# Leprechaun with relay boards



## p_wats (Aug 24, 2019)

Finally boxed up my Leprechaun. Used a relay board for each of the switches (thanks to PedalPCB for the help with the Magic wiring with the relay board).

I also experimented for weeks with different blend circuits with the intention of adding a mix knob and expression jack for that as well, but none of the circuits I tried to add seemed ideal (loss of volume or added noise, etc.). 

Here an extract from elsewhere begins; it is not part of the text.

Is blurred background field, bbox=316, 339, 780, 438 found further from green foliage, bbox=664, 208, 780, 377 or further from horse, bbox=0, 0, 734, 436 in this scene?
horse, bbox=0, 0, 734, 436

I went the hand drawn route for the artwork, but my paint pens were acting up, so I could be happier, but still happy enough.


----------



## p_wats (Aug 27, 2019)

Mammoth actually reposted this on their Instagram (I tagged them, as that's where I got the enclosure), which was a nice bump. Love the 1590BBT size and wish Tayda carried it (much more vertical space, which allowed for the 2 relay boards easily).


----------



## Jovi Bon Kenobi (Oct 13, 2019)

This is so awesome by the way. I love the art. Really nice work on the relays. If any pedal needed em, this would be the best choice. That's a tight squeeze.


----------



## p_wats (Oct 13, 2019)

Thanks! I had plans to cram even more in there, but decided to keep it reasonable. Ha


----------



## Barry (Oct 14, 2019)

Nice! Dig the art work


----------



## p_wats (Oct 14, 2019)

Barry said:


> Nice! Dig the art work




Thanks! Was fun to draw this one


----------